Problem –
Please reproduce all of the data below exactly, leaving each picture out.

### Input data

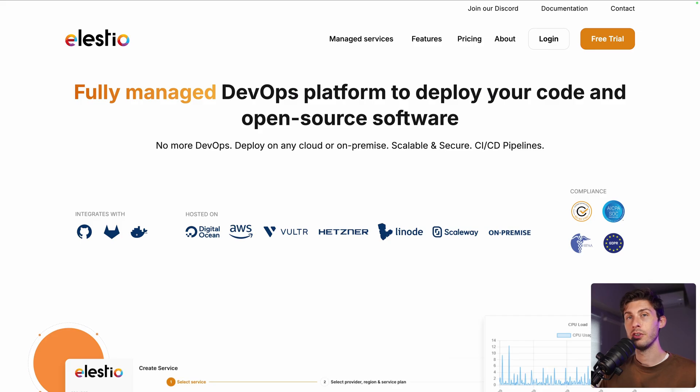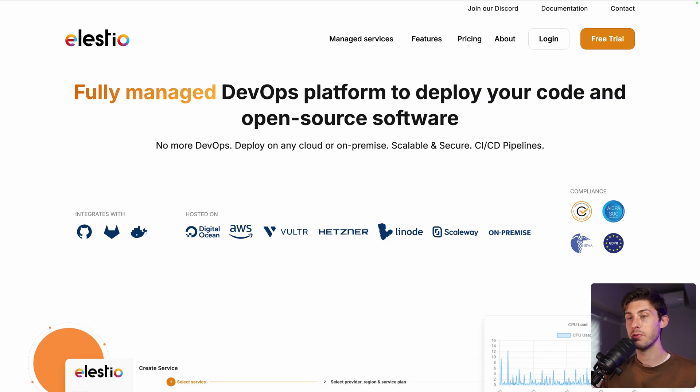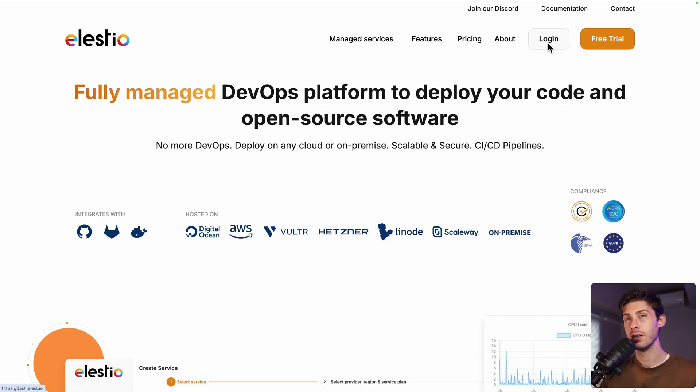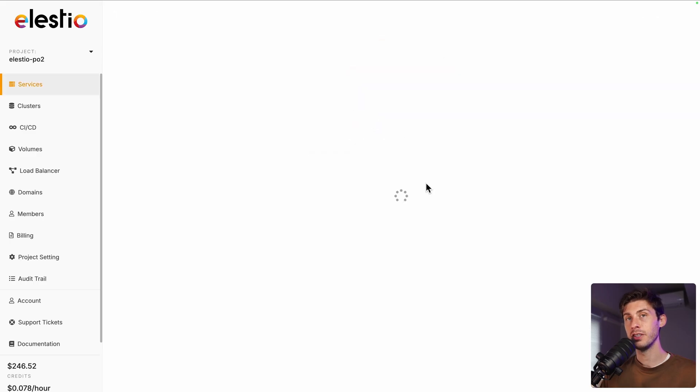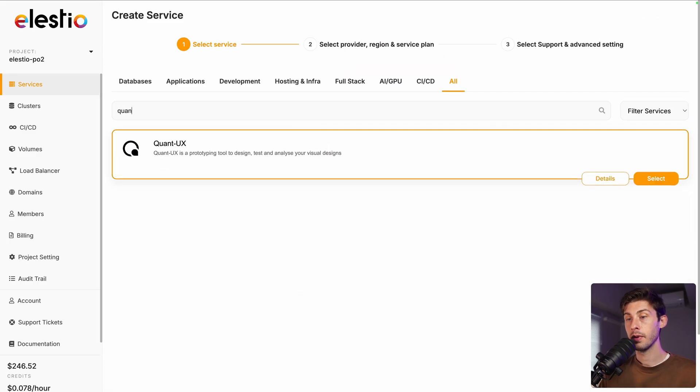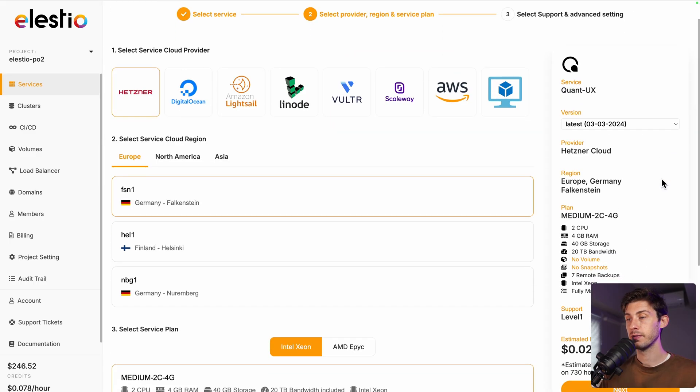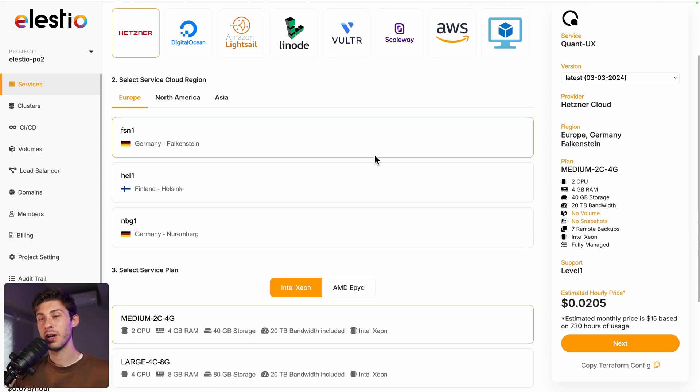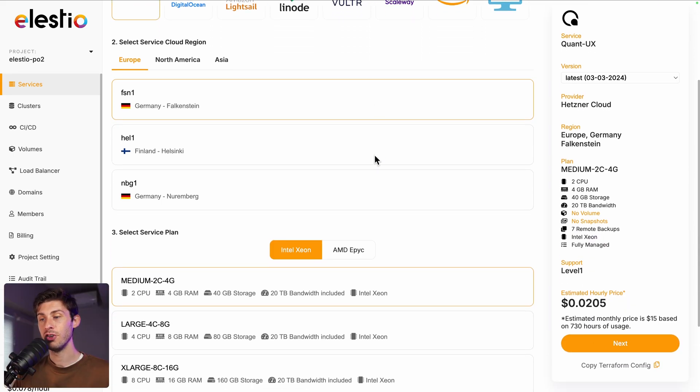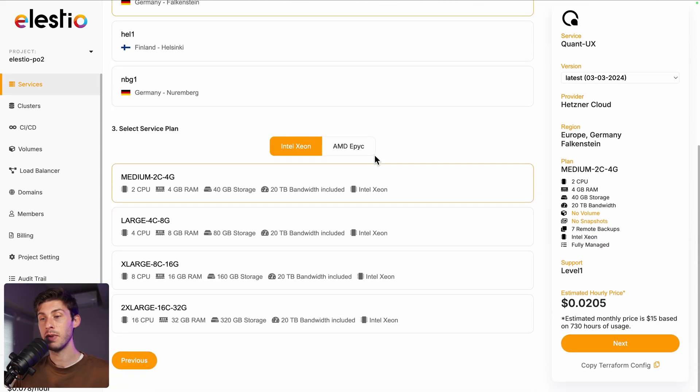To start using Quant UX on our platform, head to ls.io and click on login. Then deploy my first service, type Quant UX, select, choose between the different cloud providers, regions, and service plans based on your needs, and then next.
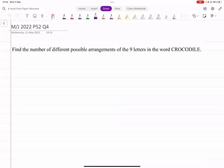Assalamu alaikum, everyone. In this video, we're going to quickly discuss this question that came in today's S1 exam on permutations and combinations. A lot of people have been confused about this, especially the last part of this question. So let's discuss this.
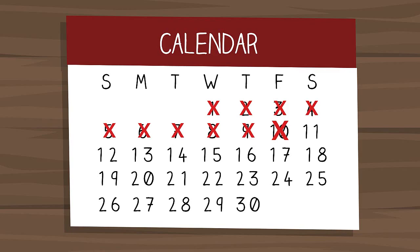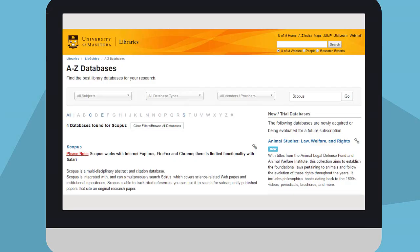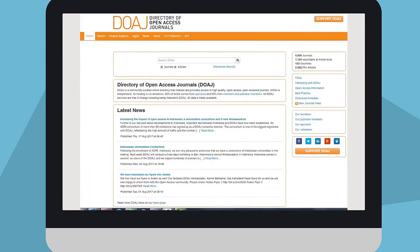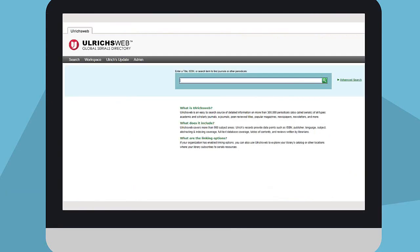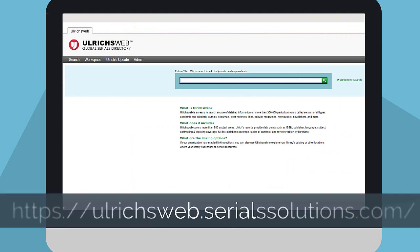Remember, peer review can take time. You can also attempt to independently verify the journal's claims regarding indexing and impact factor via Scopus, Directory of Open Access Journals, or Ulrich's Periodical Directory. A journal misrepresenting its impact factor and indexing is a red flag.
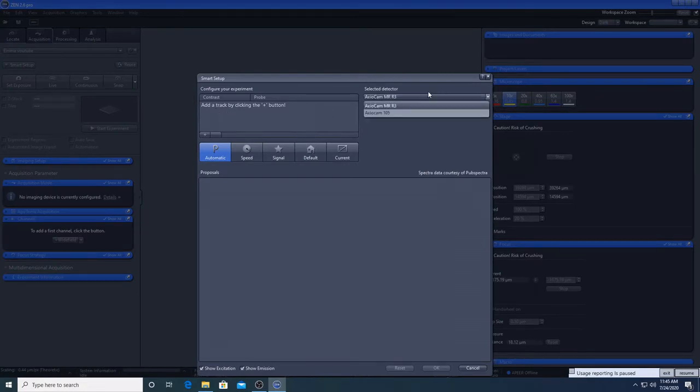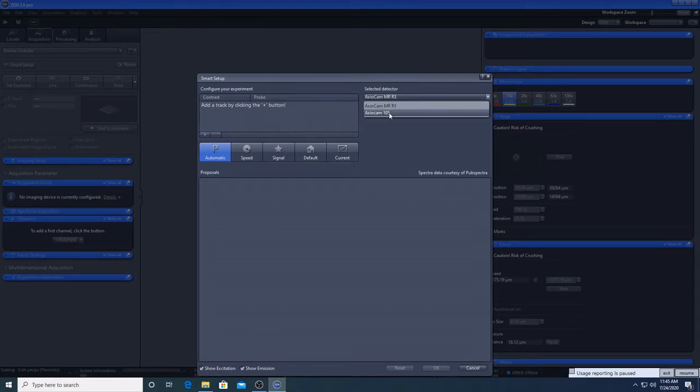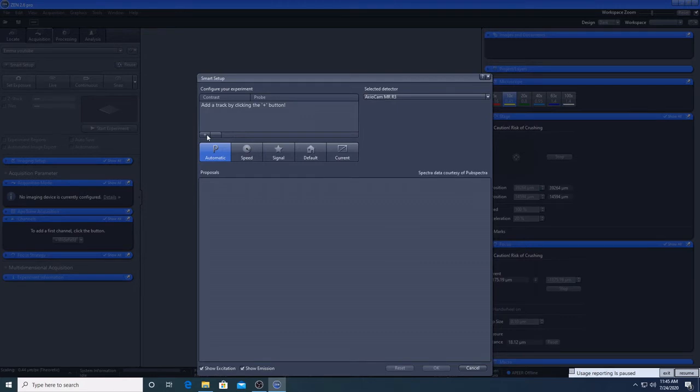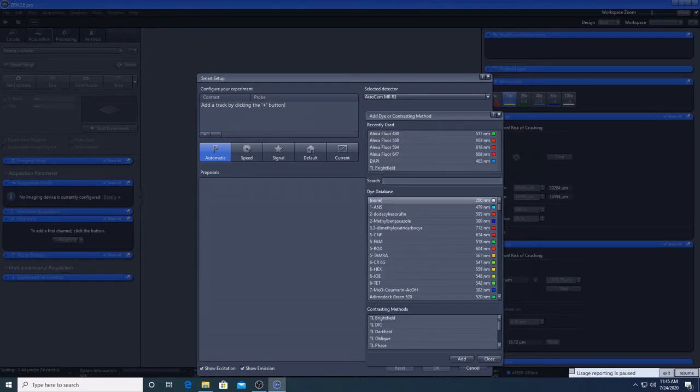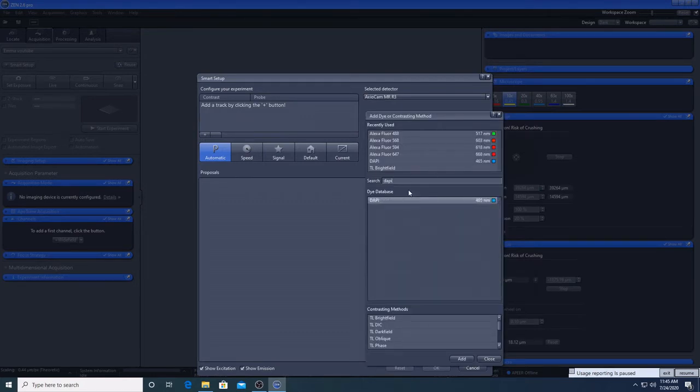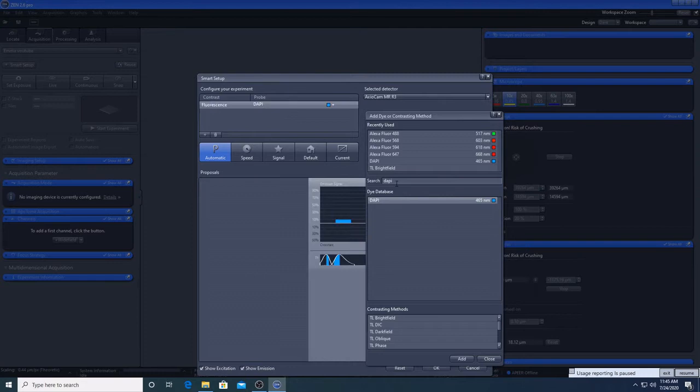We will start with an example of a setup for fluorescence imaging. First, we will select the monochrome camera Axiocam MRR3. Next, you will specify which fluorophores are present in your sample. I am using autofluorescent pollen, so I will just pick three common fluorophores: DAPI, Alexa488 and 594.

######

Response to the task –
To start using Quant UX on our platform, head to ls.io and click on login. Then deploy my first service, type Quant UX, select, choose between the different cloud providers, regions, and service plans based on your needs, and then next.
Assalamu alaikum, everyone. In this video, we're going to quickly discuss this question that came in today's S1 exam on permutations and combinations. A lot of people have been confused about this, especially the last part of this question. So let's discuss this.
Remember, peer review can take time. You can also attempt to independently verify the journal's claims regarding indexing and impact factor via Scopus, Directory of Open Access Journals, or Ulrich's Periodical Directory. A journal misrepresenting its impact factor and indexing is a red flag.
We will start with an example of a setup for fluorescence imaging. First, we will select the monochrome camera Axiocam MRR3. Next, you will specify which fluorophores are present in your sample. I am using autofluorescent pollen, so I will just pick three common fluorophores: DAPI, Alexa488 and 594.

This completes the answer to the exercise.